Due visioni, dunque: chi intravede nel risultato della piattaforma Rousseau il lasciapassare in grado di fornire qualunque giustificazione politica ai grillini e chi, invece, proprio non riesce a sedersi al tavolo con altre forze che verranno coinvolte nella costruzione di una solida maggioranza parlamentare in grado di reggere il governo Draghi. Il MoVimento 5 Stelle non è mai stato così vicino all'implosione. Difficile che qualcuno faccia questo nome dinanzi alle telecamere dei giornalisti, ma è chiaro che tra i palazzi romani si guarda soprattutto all'atteggiamento di Alessandro Di Battista.

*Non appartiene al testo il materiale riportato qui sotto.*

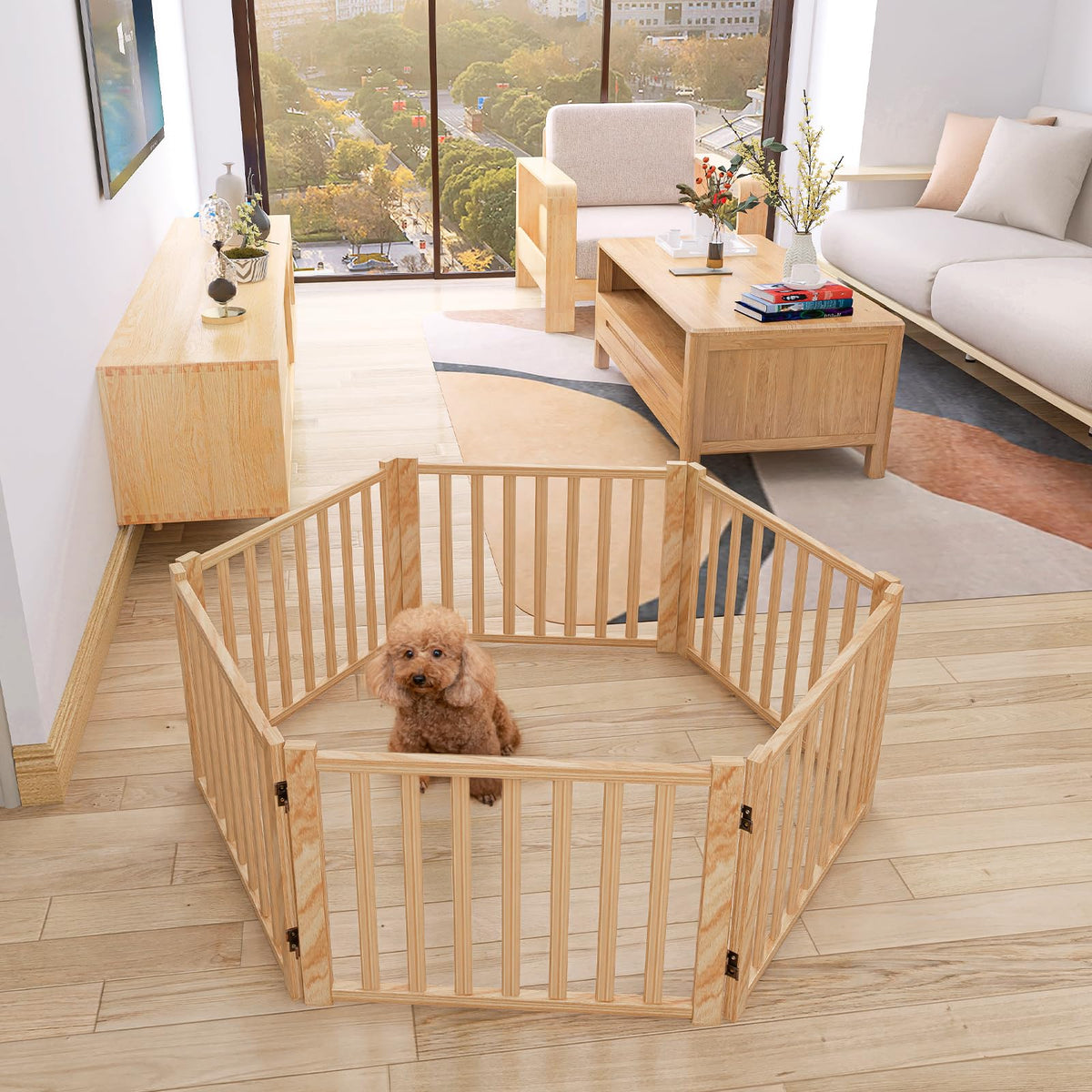Wooden Step-Over Pet Gate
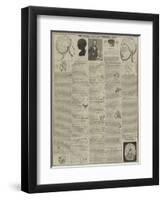 The Phrenological and Mesmeric Chart-null-Framed Giclee Print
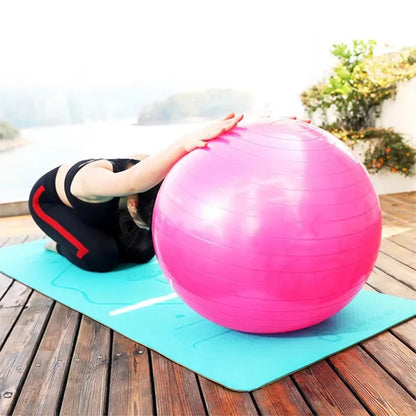 Explosion-proof PVC Yoga Ball Thickened Gym Fit Ball Exercise Home Fitness Pilates Sport Balance Ball 45cm Yoga Equipment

Ma quanto è rimasto delle convinzioni del primo grillismo? La risposta è nei fatti politici della giornata. Sì, ma i vertici potrebbero rispondere, sottolineando come Draghi abbia immediatamente annuito dinanzi alla richiesta posta da parte grillina: quella della istituzione di un ministero per la transizione ecologica. Un punto che Beppe Grillo ritiene con tutta evidenza fondamentale. Cabras però ha argomenti da esibire pure in relazione a questo punto: "Ma cosa significa in concreto? Semplice: un decreto-legge sposterà dipartimenti e direzioni generali che adesso sono in altri ministeri (con tanto di strutture, risorse e personale) e li accorperà sotto un'unica nuova sigla. Saranno cambiate alcune targhe in ottone e la carta intestata. In cambio di questo Tetris di ufficetti, si cede su tutto quello per il quale erano stati chiesti e ottenuti i voti".

Da giorni, peraltro, si parla di una ventina di parlamentari pronti a salutare la formazione politica con cui sono stati eletti o comunque fortemente contrariati dall'ipotesi di votare la fiducia ad un governo Draghi. L'area massimalista qualcosa farà, Oppure, in questo processo di normalizzazione politica, le beghe verranno messe da parte, favorendo la dialettica correntizia. Come farebbe un partito tradizionale.

Quello che il MoVimento 5 Stelle, stando alla visione promossa, non sarebbe mai dovuto diventare.